Eyeleo is unique in that it focuses on making us rest our eyes. Eye strain or asthenopia is a problem for those who sit at a computer. It is caused by decreased blinking while working focused on computer screens. EyeLeo is very easy (the simplest of the apps we tried) to program and reminds to take breaks regularly, by showing simple eye exercises and preventing you from using computer at break times. You can postpone the break, but you have to stop what you are doing and click “give me 3 minutes”. Eyeleo helps you take two kinds of breaks: short breaks (dims the screen and suggests a few quick exercises for your eyes) and long breaks (disables your screen for a programmable period). The eye exercises are presented by an adorable Leopard named Leo which makes this app the cutest of the list. Following EyeLeo’s suggestions should result in less overall fatigue. Created in 2011 and updated in 2016 this app works with Windows XP, Vista, 7 and higher but is only in English.
Workrave works on Windows and Linux. It is a break reminder that does a great job of suggesting micro breaks, long breaks, and even limiting your total daily usage which might be helpful if you are a gamer. Workrave is highly configurable and allows you to specify time between breaks, how long each break is, and even offers a tiny status window that remains on your desktop to allow you to see when your next break is coming up. Break announcements can be either audible or on screen or both. The part I like about this is that when Workrave interrupts you it doesn’t block your computer right away. It gives you time to finish what you are doing and if you keep working it just goes away. It comes back in a few minutes though so you don’t miss your break, but it is less abrupt than Leo whose breaks pop up suddenly. Workrave is a program that assists in the recovery and prevention of Repetitive Strain Injury by offering a selection of exercises you can do during your breaks. I also like their little fluffy running sheep logo, but don’t see the connection with the software! Workrave peut être installé en français aussi… “Une petite pause?” Unfortunately Workrave does not seem to work fluidly with Windows 10 – it did not start with Windows as we installed it and had to be started manually.
PC Work Break
PC Work Break is a multi-type break system that will remind you to take breaks at given intervals or at given times during the day – you can set up the reminders for specific things to do during breaks: stretching breaks, eye exercises, walks, yoga poses – whatever you like to do. What is unique to PC Work Break is that it focuses on specific PC usage models. PC Work Break features: Flexible break settings, professional stretch demos, break compliance statistics (if you are going to be really serious about this), 32 and 64 bit support, and multi-language support. PC World Break supports Windows XP, Vista, 7, 8 and 10. Updated in Sept 2016. Licenses are lifetime and the cost is $40 for 3 computers.

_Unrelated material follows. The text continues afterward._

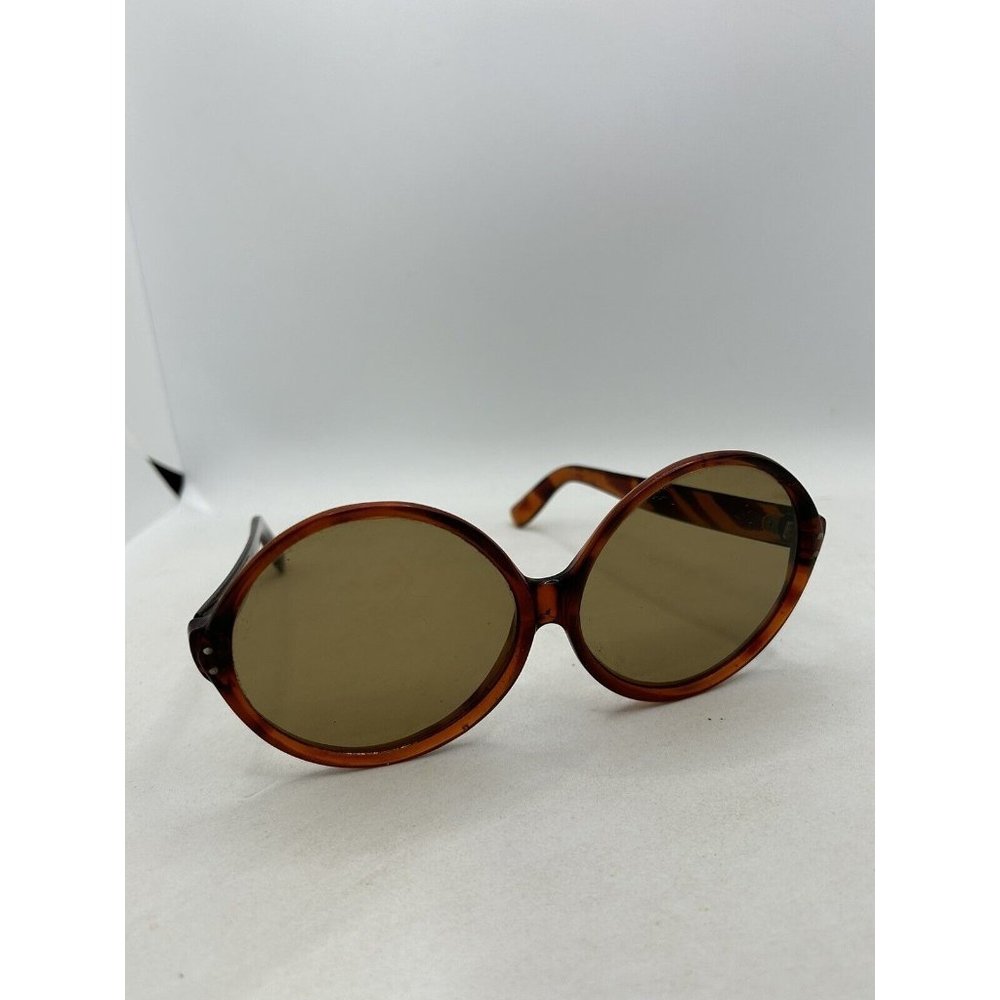 1950'S Vintage Samco Round Large Rim Sunglasses Tortoise Italy Hollywood Glam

If you use the Chrome browser, you can install an add-on that will enable desktop notifications called Take a Break by Eyecare Plus thus your break reminder will be available on any computer on which you use Chrome. BUT it only interrupts your browsing not other tasks you do on your computer. So I found I wasn’t actually taking breaks using this reminder.
PC Workbreak is a little harder to program than the other two. Leo is the cutest of the break apps we tried but I do prefer the way Workrave more gently suggests the breaks and is less intrusive. I have to wonder if Eyeleo wasn’t inspired by the programmer’s cat – the cute Leo face that puts itself squarely in front of you and expects you to pay attention to it – just like my cat, who is the best break app there is because of the soothing purring, but she is at home not at the office.

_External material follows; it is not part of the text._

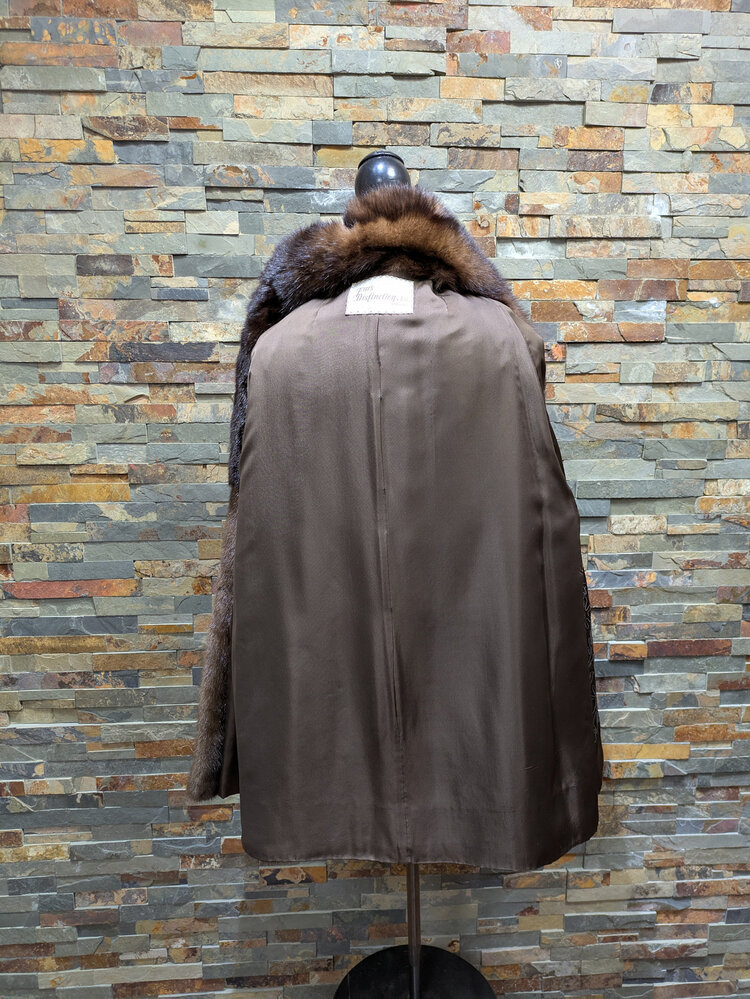 Furs of Distinction Medium Brown Mink with Sable Collar, Size M/L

We didn’t have time to test this other break programs, but it sound interestings and has some specific features that the others do not.
Big Stretch Reminder
Big Stretch Reminder says it allows you to configure your breaks exactly how you want them. You can configure time between breaks, length of breaks, what breaks are for, select the level of intrusiveness, automatically increase the numbers of breaks, display a countdown indicator, use sounds for reminders, choose between RSI advice or even set up your own message. Big Stretch Reminder is available for Windows XP, Vista, 7, and 8, Windows 10 info is not available. Free, donations suggested.

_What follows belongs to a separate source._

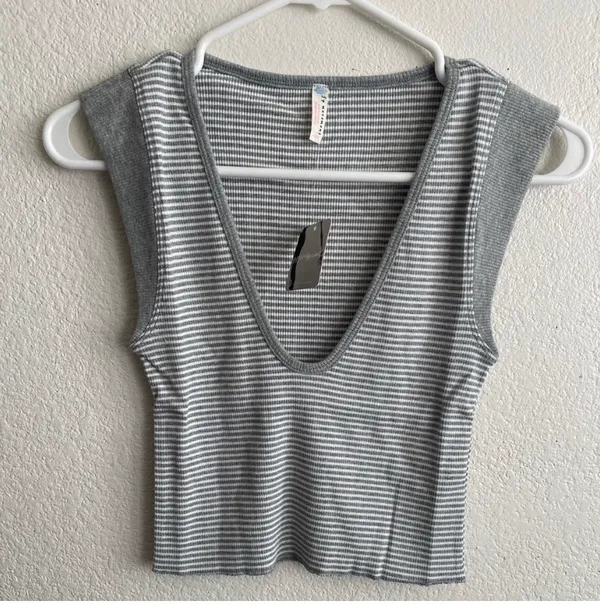 Free People 🆕 Gray Stripes Perfect Day Tank XS 🆕 - Image 4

A word to the wise. Installing free apps of any sort can also bring in malware to your computer or create incompatibilities. So be very attentive when you install the programs. Use a reliable source for the download and pay attention to what is checked off during the installation so you don’t get any “free extras”. Of the three installations we tried one of them came in with an ad software that messed up our internet browser.